If there’s a short halfway down the line, you can check to see whether it’s still further down or closer to the clock. Heading back toward the clock, Borland says to go halfway again, and do those checks again. Working like that, going halfway each time, you’ll find the problem quickly.
Sometimes, a junction box has three or four pairs of wires connected to it. Borland says to think of it as a major intersection. From there, to continue working in halves, you can look around to see where there are additional valves following those pairs of wires to make a guess as to where the line continues. “Because contractors don’t like going all over the place, a straight line to those valves is pretty much the best direction you can go to continue checking,” he says. “Not always, but often. In parking lots or working around planters, you’ve got to just guess where the line went.”
If you ohm check it all and don’t find resistance, connect it back to the clock. A unique thing about two-wire that makes it a little easier to troubleshoot is that it’s a single, solitary two-wire path that goes throughout all of the stations. That means that if you turn power on, every decoder on the property should be getting current, says Borland. Hook up your clamp meter, check the red or white wire and then the black wire, and read the current draw. AC decoders draw on average about half to one milliamp per decoder while idle. While there’s a zone turned on, it can be about 150 milliamps to 200 milliamps total. If you’ve got 100 decoders, that’s about 50 milliamps to 100 milliamps, plus 150 to 200 for the solenoid, making 250 to 300 milliamps total.
“The key thing is not what the milliamp read is, per se, but it’s more about the black and red wires reading the same number. You want to make sure the pair of wires have the same number on each wire,” Borland says. “That’s the key. The majority of these systems should read in the range of 300 milliamps or less.”
Do each wire individually. When doing a milliamp test, clamp around the wire.

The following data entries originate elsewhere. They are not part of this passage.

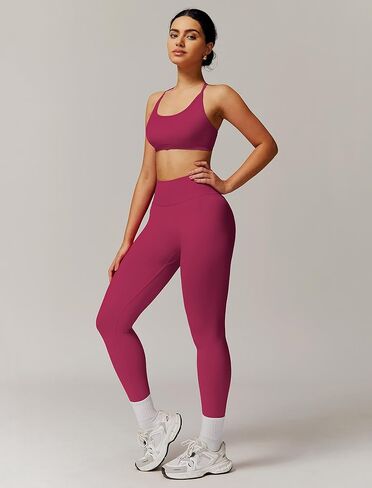ABOCIW Workout Sets for Women 2 Piece Seamless Backless Strappy Sports Bra Scrunch Butt Lifting High Waist Leggings Gym Set Work Out Clothes Berry Red Medium in Saudi Arabia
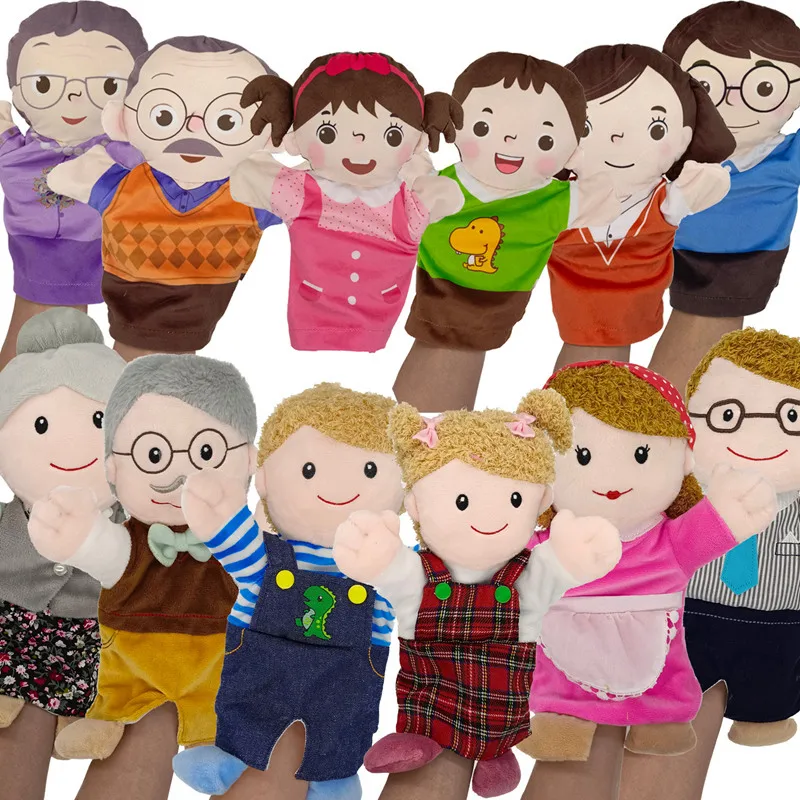 الحلو الأسرة فنجر أفخم دمية الأب الأم الأخ الأخوات تأثيري دمية يد ألعاب من نسيج مخملي التعليم المنزلي لعبة Kawaii الإبهام الدمى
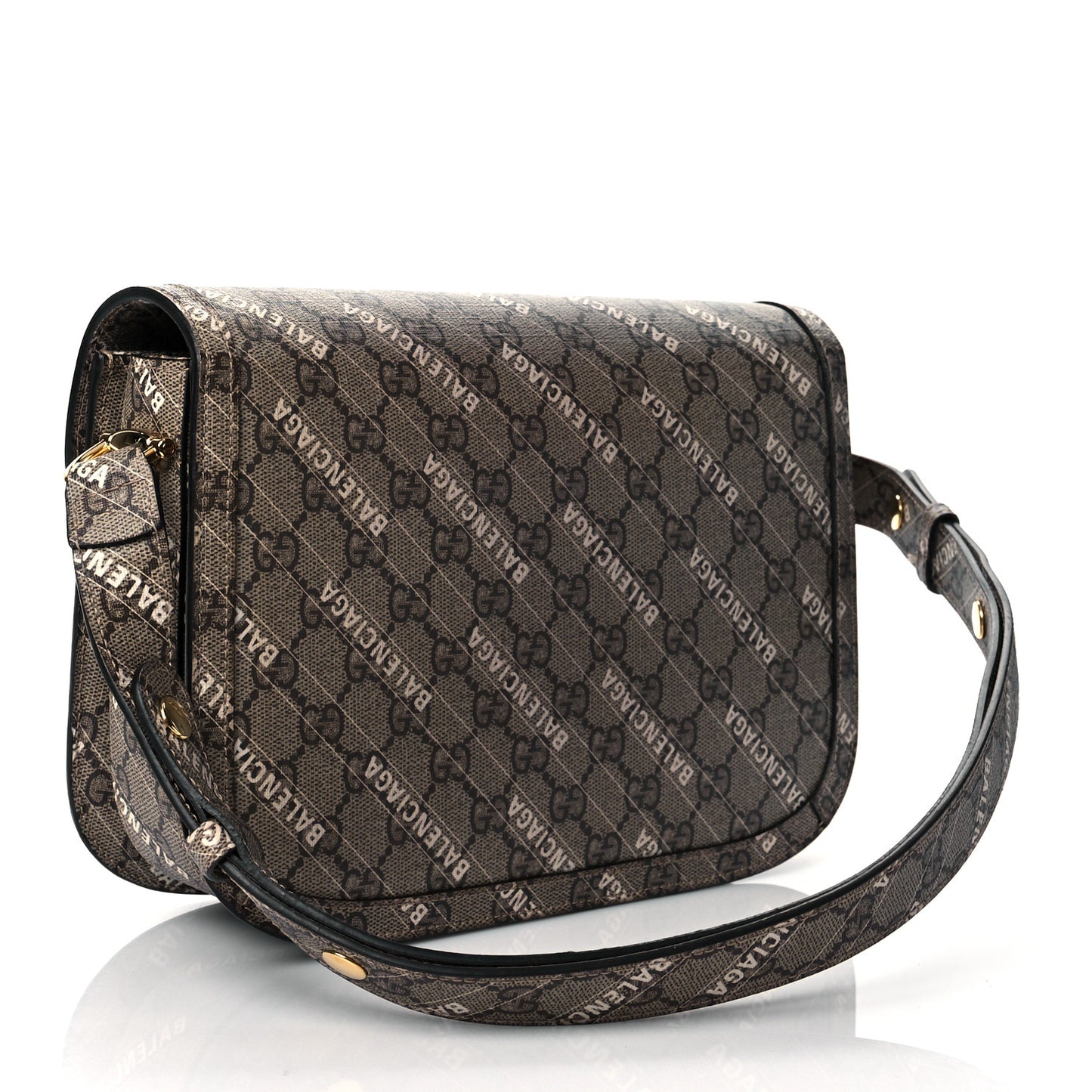 X BALENCIAGA GG Supreme Monogram Logo Print Horsebit 1955 Shoulder Bag Beige Ebony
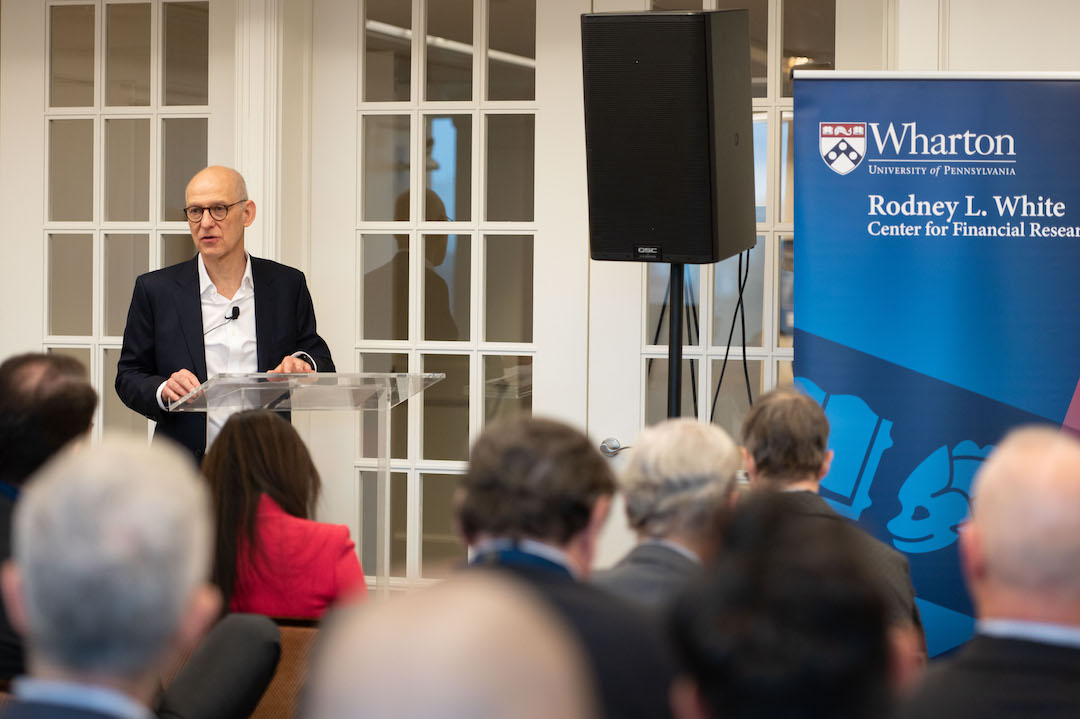 Ezekiel Emanuel speaks at a podium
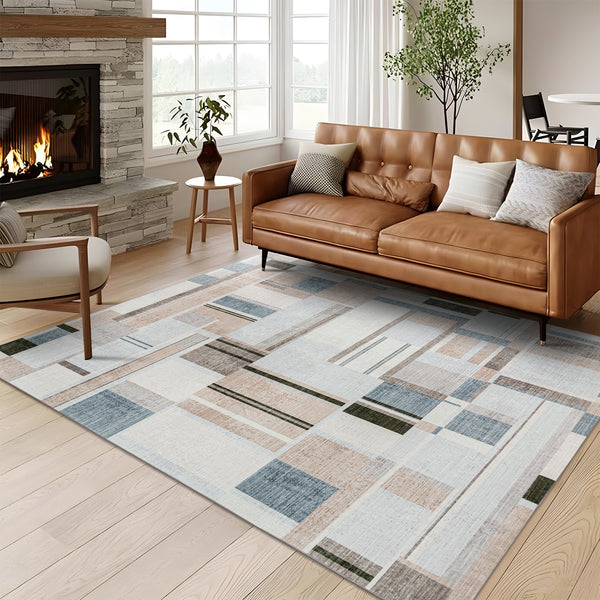 Extra Large Rug Peach Blue Multi Checked Modern Abstract Carpet Machine Washable Rugs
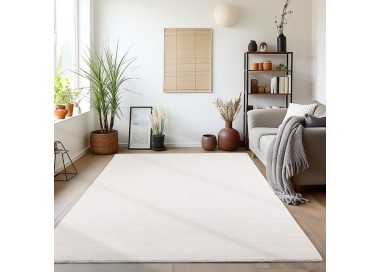 Tapis d’intérieur, couleur crème, pour salon, style bohème, look naturel, tissage plat, confortable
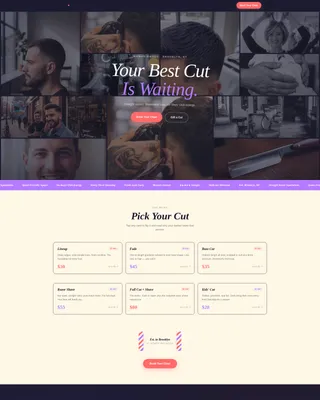 Bold Woman-Owned Barbershop Landing Page Template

One common mistake while taking these readings is not giving the meter enough time, Borland says. You want to measure the electron flow path going down that wire, so you put it around one of the wires and you count slowly to three. Then read the meter. “We can be such an impatient bunch of people that we don’t give the meter a chance to settle down. If after three seconds it hasn’t settled down, you’ve got a different problem. That’s likely a decoder that’s failing.”
From there, go out to the first box. Check each wire individually, one by one. Clamp test each one and count to three. After each junction box, once you’ve checked it, there’s 0.5 or 1 milliamp that’s no longer in the system because you’ve gone past it. The number should be getting smaller.
Don’t forget to clamp check the surge device. Many manufacturers of two-wire paths have a surge device that you could connect to a two-wire path and connect it to a ground rod. It should have no current draw on it.
“Just walk the property. Do some deep knee bends, get into the valve boxes, open them up. Clamp on each wire one at a time and look for the high current draw. Any idle decoder that is not running the solenoid that is reading more than 2 milliamps, that’s a bad decoder. If it’s running a zone, 200 milliamps is legit. But if it’s reading a lot on there at a single decoder, that’s a problem,” he says.
Taking each step in turn, you should be able to narrow down the problem area and make replacements as necessary, Borland says.